Po tragicznym wypadku w Kamieniu Pomorskim, gdzie pijany kierowca wjechał w grupę ludzi (zginęło wtedy sześć osób) rząd chciał wprowadzić nakaz posiadania alkomatu w każdym samochodzie. Koszt takiego urządzenia to co najmniej 300 złotych. Za lepsze trzeba zapłacić znacznie więcej - nawet 6 tys. złotych. Nic więc dziwnego, że pomysł rządu szybko spotkał się z krytyką osób, które twierdziły, że tanie alkomaty nie są miarodajne, a urządzenia lepszej jakości są zbyt drogie dla przeciętnego kierowcy.
Nowy pomysł
Dziennik.pl informuje, że Ministerstwo Infrastruktury i Rozwoju, które opracowuje zmiany w prawie o ruchu drogowym przygotowało projekt, w którym nie ma już mowy o alkomatach. Zamiast nich we wszystkich pojazdach służących do transportu publicznego, czyli autobusach, tramwajach i autokarach pojawią się alcolocki. Obowiązek ich instalacji będą miały również osoby, które zostały skazane za jazdę pod wpływem alkoholu.

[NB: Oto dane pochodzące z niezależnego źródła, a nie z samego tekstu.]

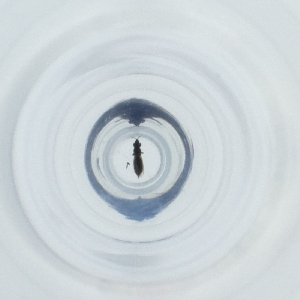  ( - JHGS_018_H7)  @11 [ ] by (2023) Wellcome Sanger Institute (Genome Research Limited) Wellcome Sanger Institute (Genome Research Limited)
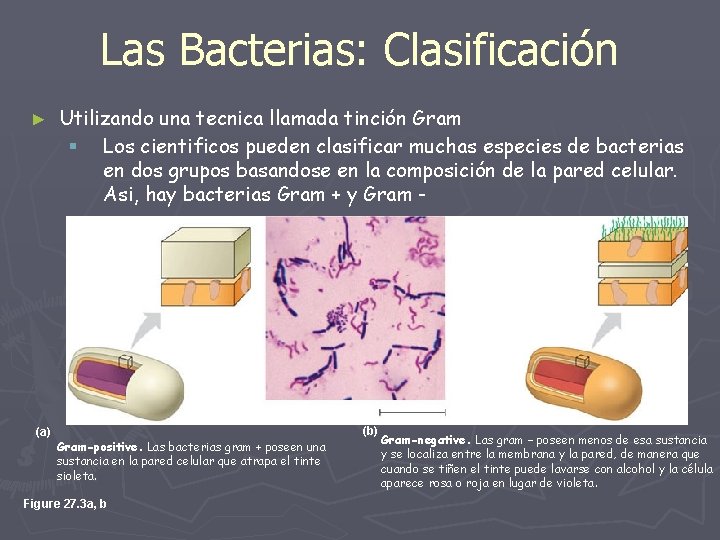 Las Bacterias: Clasificación ► Utilizando una tecnica llamada tinción Gram § Los cientificos pueden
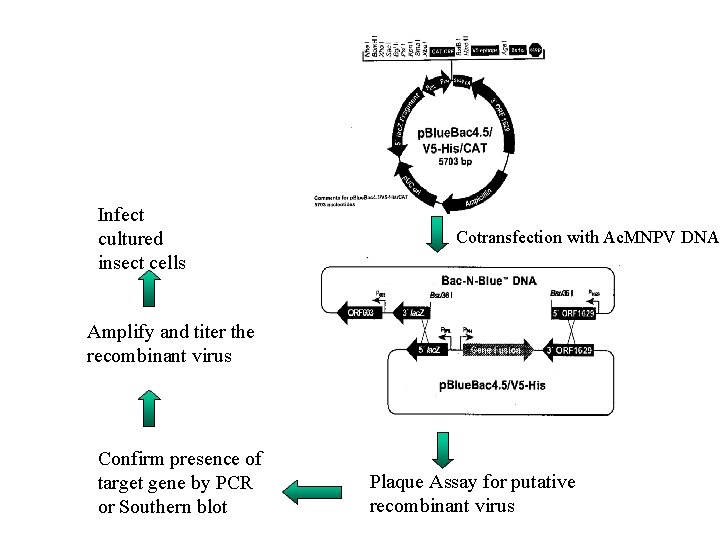 Infect cultured insect cells Cotransfection with Ac. MNPV DNA Amplify and titer the recombinant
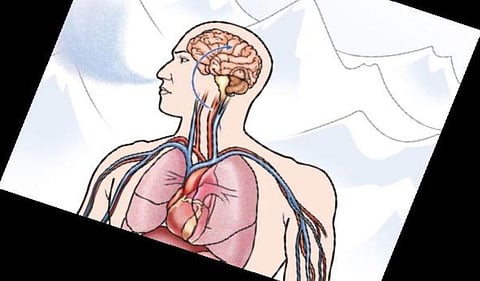 A condition in which a person’s oxygen level in blood cells and tissues drop without any warning signs, silent hypoxia has already claimed the lives of many Covid-19 patients in the country.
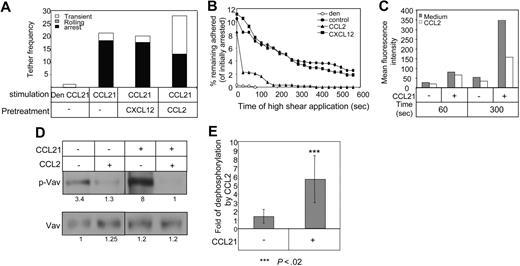 Figure 2. Low-dose CCL2 does not interfere with rapid LFA-1 or VLA-4 activation by CCL21 but impairs adhesion persistence in vitro. (A) Frequency and strength of adhesive tethers between human T cells (intact or CCL2-pretreated) interacting with ICAM-1 coated alone or coimmobilized with CCL21 or denaturated (den) CCL21 (control). Experiments were performed at a shear stress of 0.5 dyn/cm2. (B) Human T cells (intact or CCL2 pre treated) were allowed to accumulate for 2 minutes at a shear stress of 0.5 dyn/cm2 on ICAM-1/CCL21 or denaturated CCL21 (den) and their adhesion persistence (ability to resist detachment by a constant application of high shear stress (5 dyn/cm2) was assessed at the indicated time points. Results are shown as percentage of cells initially accumulated on the integrin ligands. The experiment shown is representative of 4 independent experiments. (C) Effect of pre-exposure of lymphocytes to CCL2 (0.1 ng/mL) on the CCL21-triggered induction of the high-affinity LFA-1 epitope 327C in PBL. FACS staining showing spontaneous and CCL21-triggered expression of the 327C epitope at the indicated time points is presented as mean fluorescence intensity (MFI). The experiment shown is representative of 3 independent experiments. (D) Naive T cells were pretreated with or without CCL2 (0.1 ng/mL) for 30 minutes. The cells were then stimulated with CCL21 and lysed immediately. Immunoprecipitates were separated by 10% (wt/vol) SDS-PAGE and p-Vav and Vav were analyzed as described in “Vav detection.” (E) Graph summarizing the inhibition of Vav phosphorylation by CCL2 in CCL21-treated or untreated cells from 4 different experiments.
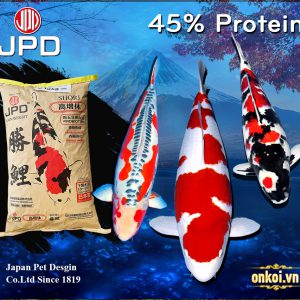JPD - Shori chứa 45% protein siêu tăng màu và body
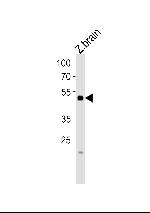IRF2BP2B Polyclonal Antibody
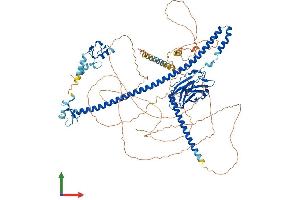 AlphaFold protein structure predicition of Mouse Recombinant Trim37 Protein, UniprotID Q6PCX9
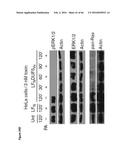 BACTERIAL TOXINS AND USES THEREOF AS RAS SPECIFIC PROTEASES diagram and image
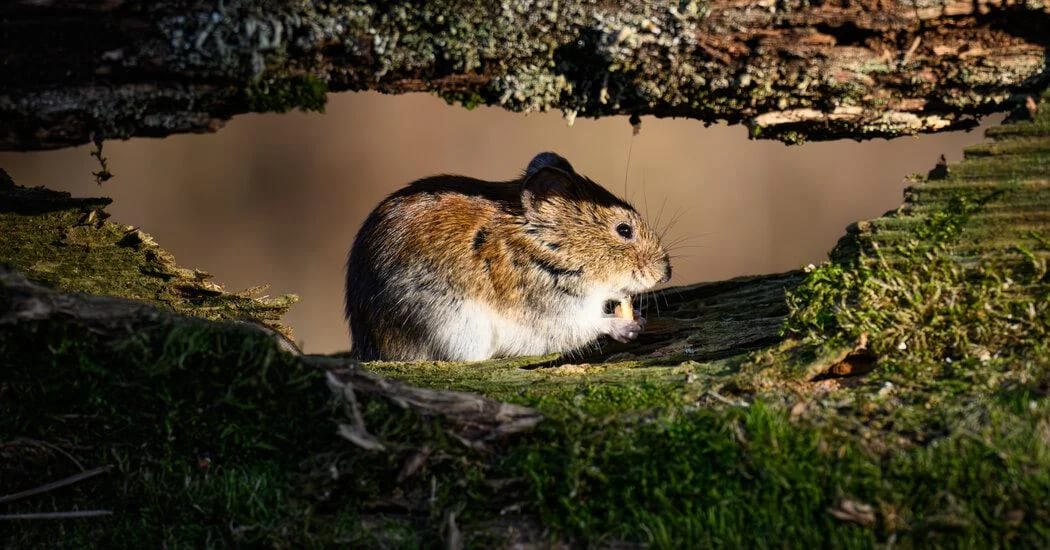 A bank vole (Myodes glareolus), also known as the forest vole, is a small rodent that can transmit hantavirus, which is dangerous to humans. (AFP)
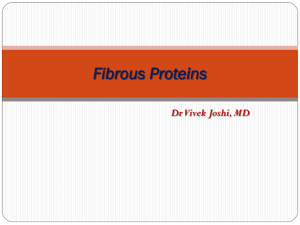 Fibrous Proteins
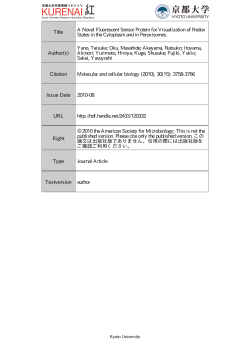 Title A Novel Fluorescent Sensor Protein for Visualization of Redox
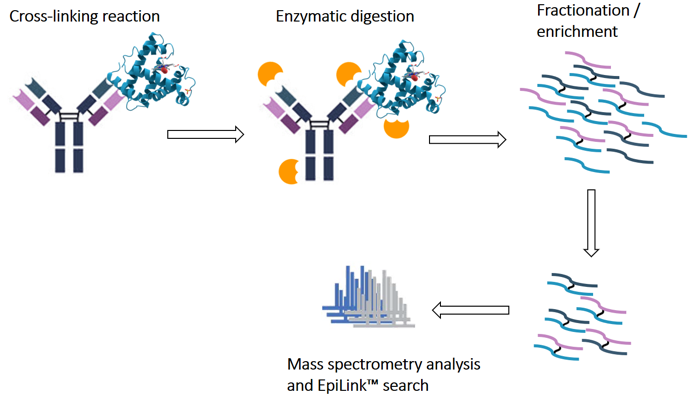 Comparison of mapping techniques of different antibody epitopes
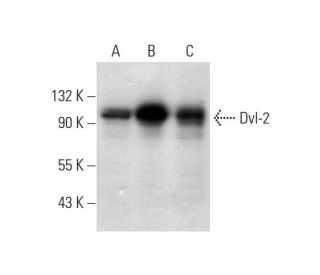 Dvl-2/Dishevelled 2/DVL2 Antibody (D-11) - Western Blotting - Image 295813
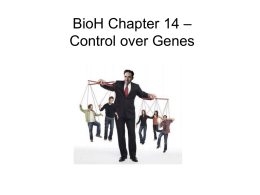 BioH Control over Genes Ch14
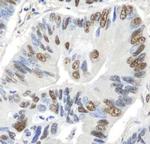 GAPDH Antibody in Immunohistochemistry (Paraffin) (IHC (P))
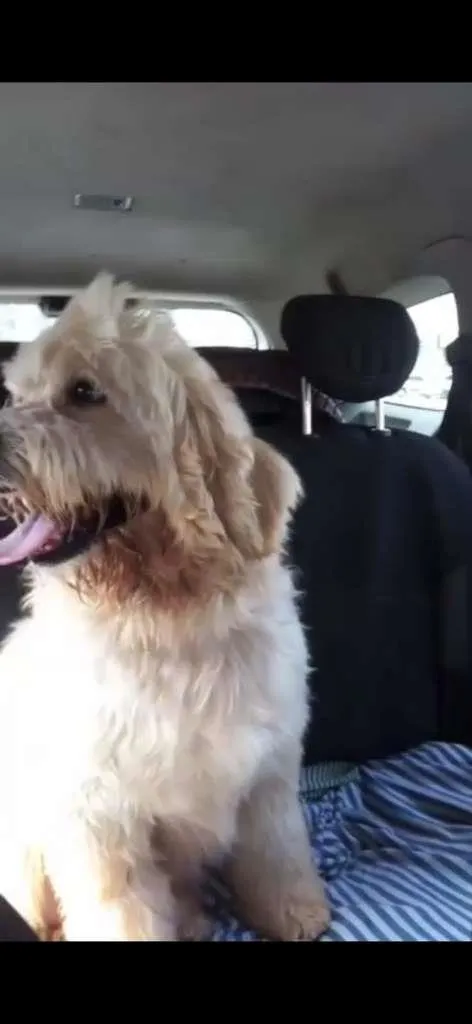 Cachorro ra a SRD-ViraLata idade 3 anos nome George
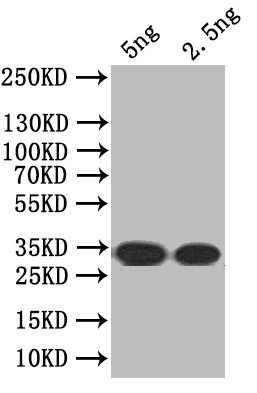 SEC16A Antibody in Western Blot (WB)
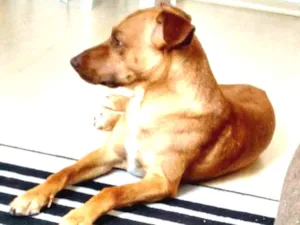 Cachorro raça Viralata idade 6 ou mais anos nome Thor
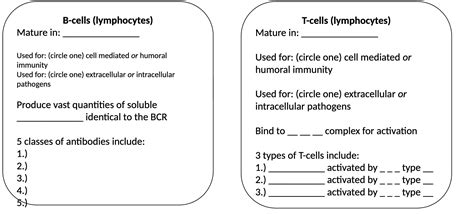 Solved B Cells Lymphocytes T Cells Lymphocytes Mature In Mature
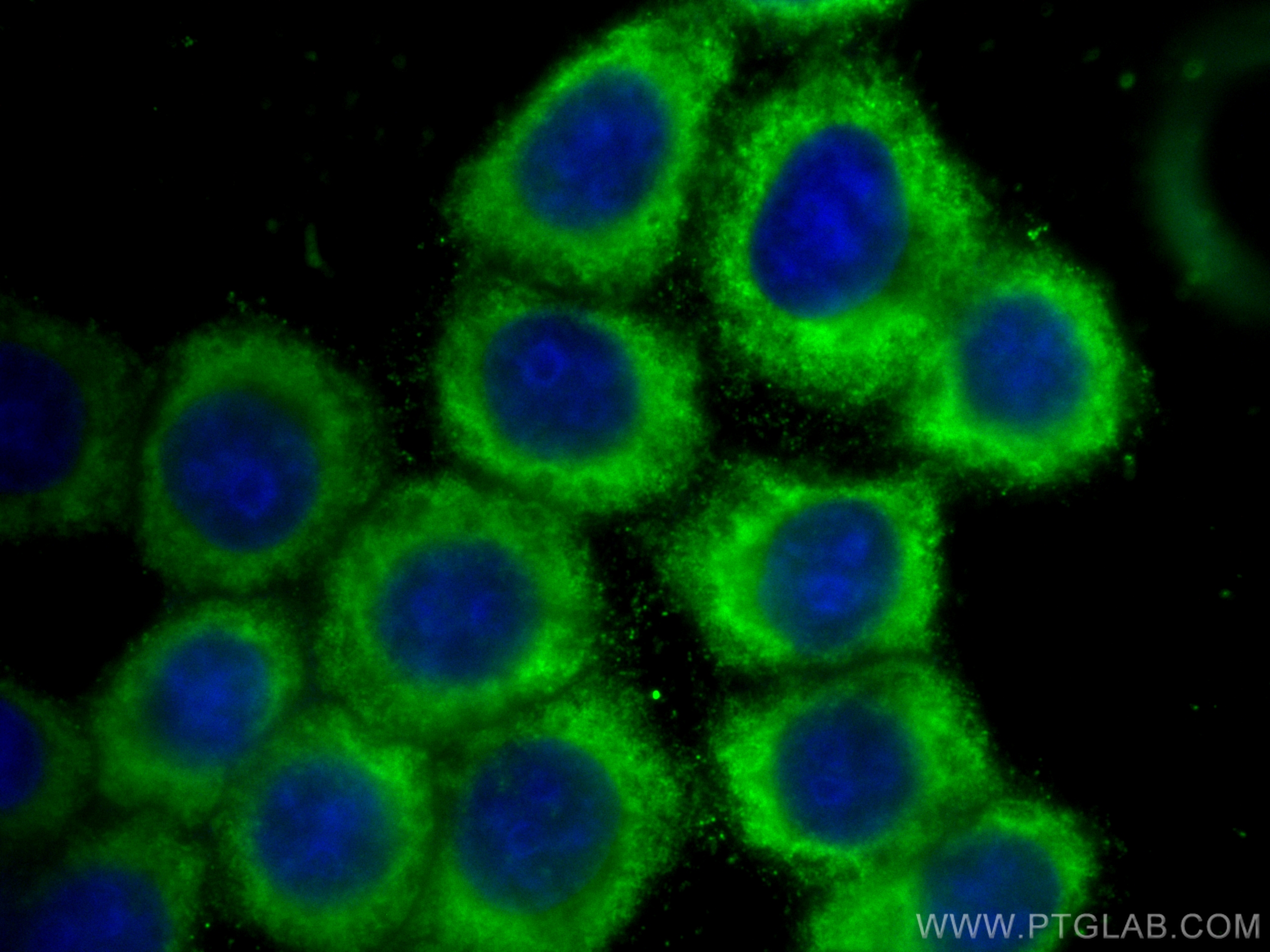 Immunofluorescence (IF) / fluorescent staining of BxPC-3 cells using CoraLite® Plus 488-conjugated Decorin Monoclonal a (CL488-66847)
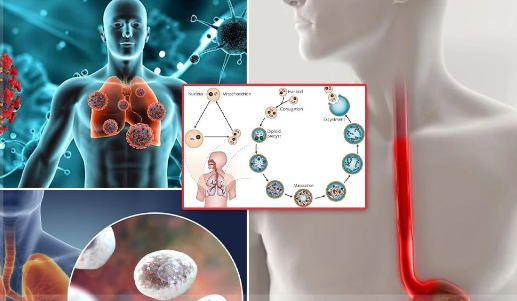 Yeni virus COVID-dən daha təhlükəlidir? - Mütəxəssis izah edir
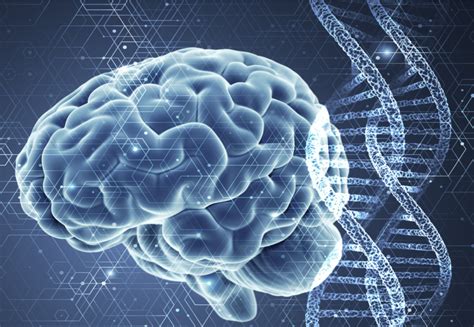 GenesBrainBehavior Sapien Labs Neuroscience Human Brain Diversity Project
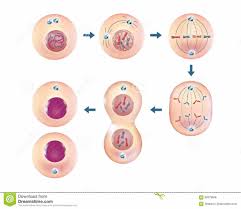 Cells are covered by a cell membrane and come in many different shapes. Cytokinesis In Animal Cells Quizlet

Biuro prasowe resortu nie odpowiedziało na pytania www.tvn24bis.pl dotyczące tego projektu.
Czym są alcolocki?
To urządzenia, które uniemożliwiają uruchomienie pojazdu bez sprawdzenia trzeźwości kierowcy. Pijany kierowca nie zapali nawet silnika. Kiedy sprzęt w badaniu wyczuje alkohol zablokuje zapłon. Jego koszt to około 5 tys. złotych. Zwykle alkolocki instalowane są przy desce rozdzielczej. Po włożeniu kluczyka do stacyjki kierowca otrzyma komunikat z prośbą o przeprowadzenie testu. A ten przeprowadza się dmuchając przez kilka sekund w specjalny, wymienny ustnik. Urządzenie po chwili powiadomi nas o wyniku i albo pozwoli jechać albo zablokuje silnik.
Jakie zmiany?
Według pierwotnych założeń rząd chciał również zaostrzyć przepisy dotyczące prowadzenia pojazdów pod wpływem alkoholu. Kierowca przyłapany na jeździe na "podwójnym gazie" traciłby prawo jazdy na okres od 3 do 15 lat i płaciłby nawiązkę w wysokości co najmniej 5 tysięcy złotych. Jego dane byłyby również upubliczniane. Osoby, które po raz drugi zostałyby przyłapane na jeździe pod wpływem alkoholu, traciłyby prawo jazdy na co najmniej 5, a maksymalnie 15 lat. W tym wypadku nawiązka ma wynosić minimum 10 tys. zł. Górny pułap wynosiłby nawet 100 tys. zł.
Nawet niektórzy eksperci uważają alkomaty w samochodach za chybiony pomysł.